Après les différents scandales qui ont entaché la maison la saison passée, Balenciaga continue de jouer la carte du low key avec un défilé resort 2024 en version digitale, sans invité·e·s et sans artifices. Retour sur une collection qui revient à l’essentiel tout en prônant un regain d’intérêt pour la notion de quotidien.

L’année dernière à la même période, Balenciaga présentait en grande pompe son défilé resort 2023 au sein de la bourse de New York à Wall Street, entre promotion du capitalisme financier et initiation au kink. Une certaine idée de l’opulence et de l’excès qui semble aujourd’hui avoir totalement disparu du moodboard de la marque. Scandale oblige : depuis les Balenciaga-gate de l’automne 2022 (Kanye West, la campagne pour enfants avec des oursons en peluche tout droit sorti d’une soirée BDSM…), la maison dirigée par Demna s’est faite (très) discrète avant de revenir avec un défilé automne-hiver 2023 tout en sobriété. Sans décor, ce dernier revenait à l’essentiel de la marque en se concentrant uniquement sur les vêtements et les silhouettes, histoire de confirmer un mea-culpa et de signifier qu’on peut enfin passer à autre chose.

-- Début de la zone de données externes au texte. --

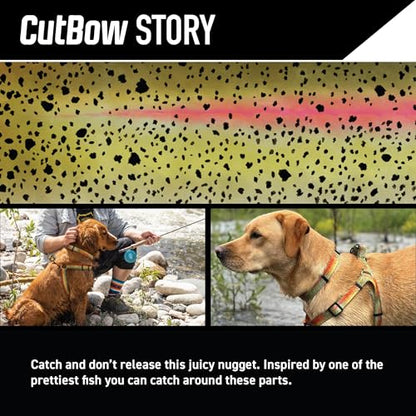 Wolfgang Heavy Duty, Adjustable Dog Collar with Quick Release Nylon Buckle for Walking & Training, CutBow Print, Small - color: CutBow Print, size: Small (5/8 Inch x 8-12 Inch)
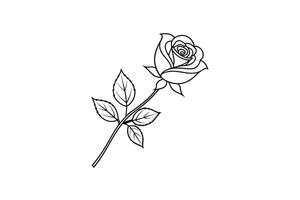 Rose flower for design element and coloring book pages for kids vector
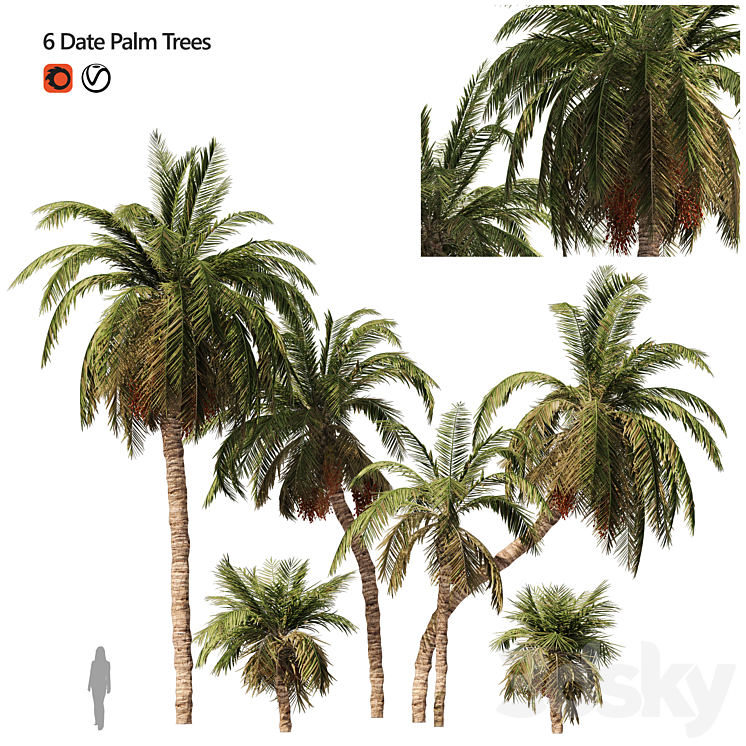 6 Arbian Date Palm Trees 3D Model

Un positionnement toujours d’actualité pour cette nouvelle collection resort 2024 que Demna a choisi de baptiser Capital B (B pour Balenciaga, obviously). Pour les vrai·e·s fans de pop culture et membres de la Beyhive, le terme “Capital B” n’est pas sans rappeler l’une des fameuses punchlines de Beyoncé dans son titre “Bow Down / I Been On“ sorti par surprise sur Soundcloud il y a tout juste 10 ans et dans lequel elle s’exclamait : “The capital B means I’m ‘Bout that life”. Comprenez littéralement : “Le B majuscule signifie que je suis de cette vie”. Selon Urban Dictionnary “To be about that life” signifie “vivre d’une certaine façon” mais aussi ”être en harmonie et en paix avec soi-même et son environnement” ainsi que “se foutre de ce que les autres disent et pensent”. Soit un statement qui sied parfaitement à la mentalité de Balenciaga depuis que Demna a mis le grappin dessus.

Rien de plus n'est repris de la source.